Commander Norm Hazzard
The State Protection Group (SPG) is directly responsible for:
- protecting endangered witnesses
- resolving siege and hostage situations, as well as armed offender situations
- providing a negotiation service in high risk and critical situations
- undertaking searches of premises in high risk situations
- the arrest of armed and dangerous offenders
- escorting and securing dangerous prisoners in high risk situations
- providing support services for major operations
- rescue and bomb disposal operations
- the escort and security of VIPs
- building security through the Security Management Branch.
The SPG was established to deal with extraordinary situations which present a danger to members of the public or the Force. The SPG directly support operational police with difficult and high risk situations such as siege and hostage negotiation, rescue and bomb disposal, counter terrorist operations and the securing of dangerous prisoners. These are resolved wherever possible by containment and negotiation rather than by armed force. State Protection Group negotiators are highly trained in crisis negotiation to a level considered among the highest in the world.
Established in 1991, the SPG rationalised the resources of the Special Weapons & Operations Section (SWOS), the Witness Security Unit, Regional Tactical Response Groups and the Rescue Squad. Subsequently, the Security Management Branch and the Bomb Disposal Unit have joined the group.
Tactical Operations Unit
Since 1945, SWOS officers handled all high risk response and negotiation situations 24 hours’ a day.

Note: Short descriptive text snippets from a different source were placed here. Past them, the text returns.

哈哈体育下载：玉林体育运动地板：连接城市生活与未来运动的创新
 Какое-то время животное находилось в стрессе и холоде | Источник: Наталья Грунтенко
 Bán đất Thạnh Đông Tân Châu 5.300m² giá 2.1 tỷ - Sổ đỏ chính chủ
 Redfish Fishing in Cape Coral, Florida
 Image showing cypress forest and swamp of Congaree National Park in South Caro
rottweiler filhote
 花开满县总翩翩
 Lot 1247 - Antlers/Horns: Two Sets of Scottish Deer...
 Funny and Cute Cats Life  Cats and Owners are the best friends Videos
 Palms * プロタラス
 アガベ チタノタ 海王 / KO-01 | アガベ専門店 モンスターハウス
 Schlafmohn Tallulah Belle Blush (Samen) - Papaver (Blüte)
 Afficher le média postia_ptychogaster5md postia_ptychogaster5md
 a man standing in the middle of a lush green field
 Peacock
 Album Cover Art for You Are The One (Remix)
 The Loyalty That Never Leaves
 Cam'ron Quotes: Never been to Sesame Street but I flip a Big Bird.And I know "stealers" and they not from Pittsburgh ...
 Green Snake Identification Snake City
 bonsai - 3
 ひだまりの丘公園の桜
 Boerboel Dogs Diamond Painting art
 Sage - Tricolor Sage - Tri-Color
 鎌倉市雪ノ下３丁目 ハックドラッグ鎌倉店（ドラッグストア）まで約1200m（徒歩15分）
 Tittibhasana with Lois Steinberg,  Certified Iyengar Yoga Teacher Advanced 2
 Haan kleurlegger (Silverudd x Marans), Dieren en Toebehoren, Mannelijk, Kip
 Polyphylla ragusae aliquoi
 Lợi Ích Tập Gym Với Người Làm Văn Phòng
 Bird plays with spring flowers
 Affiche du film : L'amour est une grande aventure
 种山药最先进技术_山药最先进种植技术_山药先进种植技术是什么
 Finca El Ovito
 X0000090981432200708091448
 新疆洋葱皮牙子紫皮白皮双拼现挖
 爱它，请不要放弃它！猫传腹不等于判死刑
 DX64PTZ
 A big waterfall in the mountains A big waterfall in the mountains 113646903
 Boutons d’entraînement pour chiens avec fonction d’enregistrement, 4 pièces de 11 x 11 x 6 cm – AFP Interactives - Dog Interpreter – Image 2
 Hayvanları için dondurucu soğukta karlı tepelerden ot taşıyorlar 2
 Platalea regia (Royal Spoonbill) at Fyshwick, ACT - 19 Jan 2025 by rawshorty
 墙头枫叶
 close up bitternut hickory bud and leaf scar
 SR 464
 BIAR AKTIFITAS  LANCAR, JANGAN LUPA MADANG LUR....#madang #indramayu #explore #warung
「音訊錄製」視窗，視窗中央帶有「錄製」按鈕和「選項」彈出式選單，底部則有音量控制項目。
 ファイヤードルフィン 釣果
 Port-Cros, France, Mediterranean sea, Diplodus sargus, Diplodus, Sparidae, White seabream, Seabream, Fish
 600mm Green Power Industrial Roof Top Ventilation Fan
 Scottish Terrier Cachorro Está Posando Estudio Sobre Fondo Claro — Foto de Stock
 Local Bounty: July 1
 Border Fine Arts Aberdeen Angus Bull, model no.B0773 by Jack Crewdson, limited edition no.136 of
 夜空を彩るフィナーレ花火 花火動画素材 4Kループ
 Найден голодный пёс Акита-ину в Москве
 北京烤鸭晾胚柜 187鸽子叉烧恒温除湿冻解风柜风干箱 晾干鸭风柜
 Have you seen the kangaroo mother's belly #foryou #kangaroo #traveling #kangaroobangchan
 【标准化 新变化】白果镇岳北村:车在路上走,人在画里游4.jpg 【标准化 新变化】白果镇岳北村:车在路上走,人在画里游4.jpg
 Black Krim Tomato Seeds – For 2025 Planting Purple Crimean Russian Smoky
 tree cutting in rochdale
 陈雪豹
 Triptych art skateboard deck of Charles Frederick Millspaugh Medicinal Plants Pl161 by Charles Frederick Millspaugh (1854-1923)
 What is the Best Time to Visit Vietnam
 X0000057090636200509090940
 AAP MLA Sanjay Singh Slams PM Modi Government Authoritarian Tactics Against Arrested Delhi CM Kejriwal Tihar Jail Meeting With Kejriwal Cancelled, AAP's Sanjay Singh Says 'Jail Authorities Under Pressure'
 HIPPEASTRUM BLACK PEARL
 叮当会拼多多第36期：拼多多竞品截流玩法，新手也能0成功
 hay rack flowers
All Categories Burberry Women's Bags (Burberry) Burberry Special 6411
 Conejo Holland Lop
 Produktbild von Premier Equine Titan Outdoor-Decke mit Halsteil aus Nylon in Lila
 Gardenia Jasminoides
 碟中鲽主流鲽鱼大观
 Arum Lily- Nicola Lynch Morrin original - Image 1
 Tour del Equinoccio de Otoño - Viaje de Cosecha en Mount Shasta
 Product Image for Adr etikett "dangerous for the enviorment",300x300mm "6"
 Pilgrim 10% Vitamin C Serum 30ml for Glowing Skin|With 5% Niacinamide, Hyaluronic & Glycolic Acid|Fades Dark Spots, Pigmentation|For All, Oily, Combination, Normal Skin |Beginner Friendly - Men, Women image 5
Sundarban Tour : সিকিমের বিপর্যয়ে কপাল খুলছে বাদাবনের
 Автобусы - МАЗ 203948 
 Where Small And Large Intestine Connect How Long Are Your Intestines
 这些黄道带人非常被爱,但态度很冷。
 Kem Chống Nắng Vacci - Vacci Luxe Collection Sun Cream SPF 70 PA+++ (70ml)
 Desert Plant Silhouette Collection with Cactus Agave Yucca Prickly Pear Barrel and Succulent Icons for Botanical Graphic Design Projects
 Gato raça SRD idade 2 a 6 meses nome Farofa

In 1981 the Tactical Response Group was formed to deal with riot control, containment and prison emergency response. The resources and expertise of both groups were combined to form the Tactical Operations Unit, which provides extraordinary assistance to operational police in high risk incidents on a 24 hour basis.
Witness Security Unit
The WSU was established to implement the witness protection program, which protects and secures the safety of witnesses giving evidence on behalf of the Crown. Functions include escorts, providing safe accommodation and other security measures as required.
Highly trained negotiators are on call across the state who respond to their substantive commanders. When a situation arises requiring negotiation, these officers are called immediately and operate under the supervision of the Negotiation Unit.
The main function of this unit is to provide specific intelligence information to the negotiators or Tactical Response Unit officers involved in the resolution of high risk incidents. This intelligence might include information on the people involved (offenders, hostages or suspects), or the premises (eg. photographs and plans).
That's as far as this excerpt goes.